3号車は個室の他にビュッフェがありますが、こちらは食レポと合わせて後述します。
1号車と2号車は本格的な個室であります。車椅子対応の個室もあります。かなりゆったりとしていました。
昔の寝台列車と言うかヨーロッパの客車のような片側に寄せた通路に本格的な個室があります。ドアから天井まで細かいところまで精緻につくられています。
空いていた6名個室を撮影してみました。オリエント急行とはまた違う豪華さを感じる雰囲気であります。
乗車記
宮崎駅から宮崎空港に移動
今回は宮崎駅付近に前泊したのですが、36ぷらす3は始発の宮崎空港から乗車してみました。運賃的にはあまり変わらないのでちょっと早くホテルを出て宮崎駅に向かいます。
47都道府県すべてに宿泊するでは達成が遅かった宮崎ですが、最近は結構来ることが多くなった気がします。駅では迷わなくなりました。
宮崎空港までは787系の普通列車で向かいます。国際線機材に国内で当たったみたいな感じてあります。同車両は折り返しのひゅうがとなっていました。36ぷらす3の10分前に同駅を出発していきました。
ひゅうがに乗る方が多く、36ぷらす3の宮崎空港からの乗車は3割程度でした。
36ぷらす3の旅スタート
南宮崎はスルーし、再び大淀川を渡り、宮崎駅に到着します。ここで、7割近い乗車となり、出発です。あとは下車しかないので、これ以上混雑しないという事でもあります。
利用者は60代以上が多く、女性同士のおばちゃん旅が多い印象でした。鉄分たっぷりな人はグリーン席の1列シートでは見るものの、全体的にはあまり見かけませんでした。
某ホテルが見えてくると海岸線が見えてきます。なかなか安い日とスケジュールが合わなく、行けていないホテルであります。
一ツ瀬川を渡ると海岸線を走り、景色の堪能が始まります。前回、日豊本線を利用した時は真夜中であり、何も見えなかったので、今回はじっくりと楽しみました。
旧リニア実験線が見えてきます。現在は太陽光パネルが設置されています。同線が設置されてから半世紀近く経過していますが、未だに開業していないのは経済力と政治家の影響が大きいのかもしれません。
美々津駅では行き違いで停車となります。停止時間はそれほど長くなく、やはり、観光列車としてはタイトなスケジュールなのかもしれません。
延岡が近くなり、入り組んだ海岸線が見えます。やはり、海がある景色はいいですね。
延岡駅10分停車
延岡駅ではおもてなし停車が10分程あります。延岡駅を撮影してみます。実物は初めてであり、モダンな建物であります。
乗客の方々はおもてなし販売で結構購入されていました。やはり、観光は別財布なのか爆買いとは言わないまでかなり購入していました。
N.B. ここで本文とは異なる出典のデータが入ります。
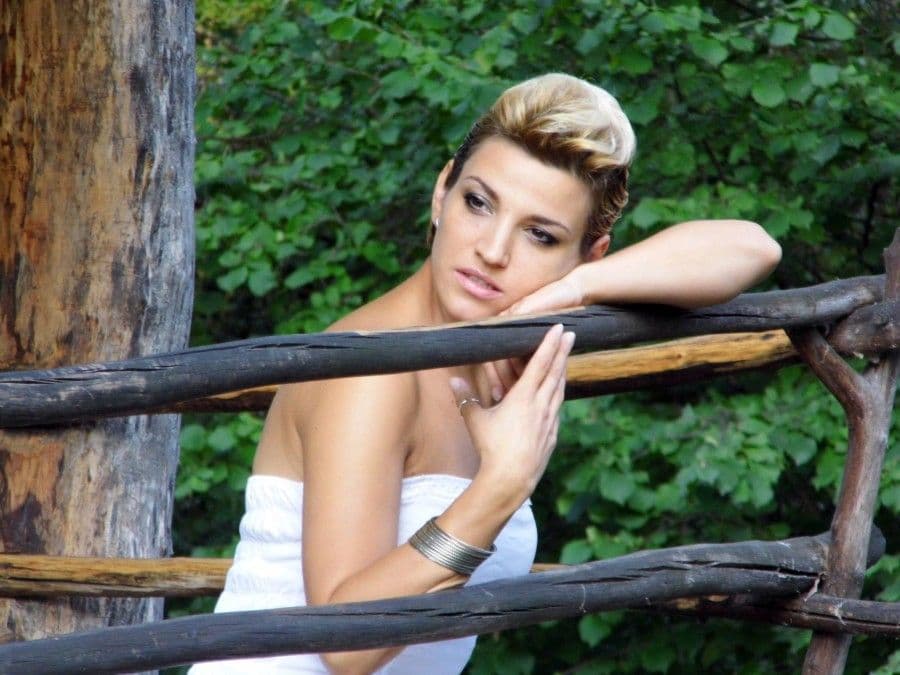 Danas premijera novog spota Nine Petković Danas premijera novog spota Nine Petković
個人的には延岡駅内のコンビニで冷たいものを調達しました。道中はまだ半分以上あります。
宗太郎駅10分停車
延岡駅を出発してから小一時間で宗太郎駅に特別停車です。大分県最南端の駅であり、宗太郎越えの秘境駅であります。
秘境駅での36ぷらす3であります。チューリッヒからミラノにで行くような感じにも見えます。
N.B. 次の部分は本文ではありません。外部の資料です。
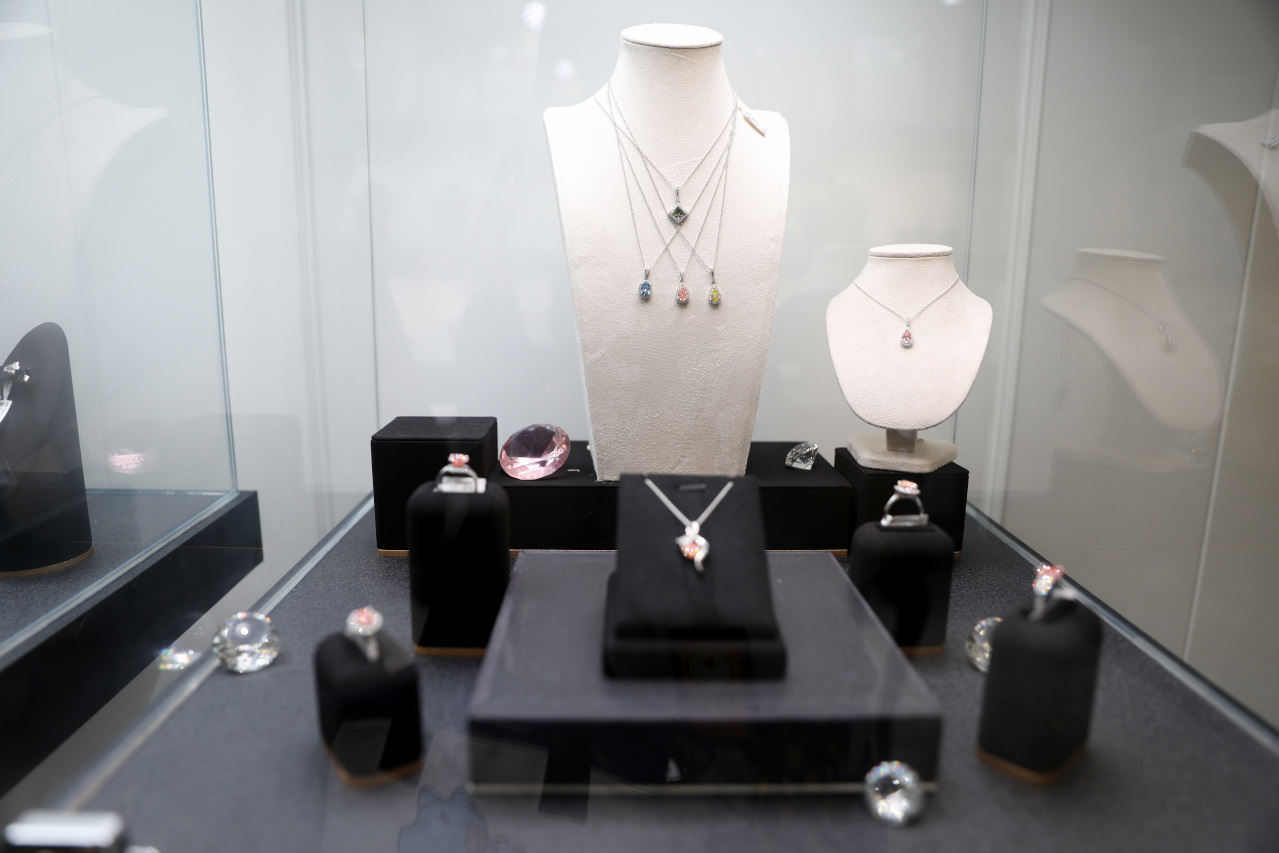 Imprint Diamond銘印鑽石 客製化獨一無二的DNA鑽石 結髮婚戒.新生彌月鑽飾.寵物骨灰生命鑽石 門市外另有提供全台收件服務 - 奇奇一起玩樂趣 Imprint Diamond銘印鑽石 客製化獨一無二的DNA鑽石 結髮婚戒.新生彌月鑽飾.寵物骨灰生命鑽石 門市外另有提供全台收件服務 - 奇奇一起玩樂趣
跨線橋から撮影してみます。山間の秘境駅と言うのがとてもわかります。同列車に乗らないと絶対に来ることはなかったかもしれません。
運賃箱の姿があまりに味が出ており、印象的でした。こういう景色もなかなか普段は味わえない世界であります。
重岡駅25分停車
宗太郎駅を出発して10分程で隣駅の重岡駅におもてなし停車します。今度は25分の停車時間があり、色々と撮影してみます。
重岡駅舎を撮影する人は多く、跨線橋を渡ってくる人が多い感じでした。出雲坂根駅でスイッチバックを前に停車時間がある際に駅舎を撮影する感覚でした。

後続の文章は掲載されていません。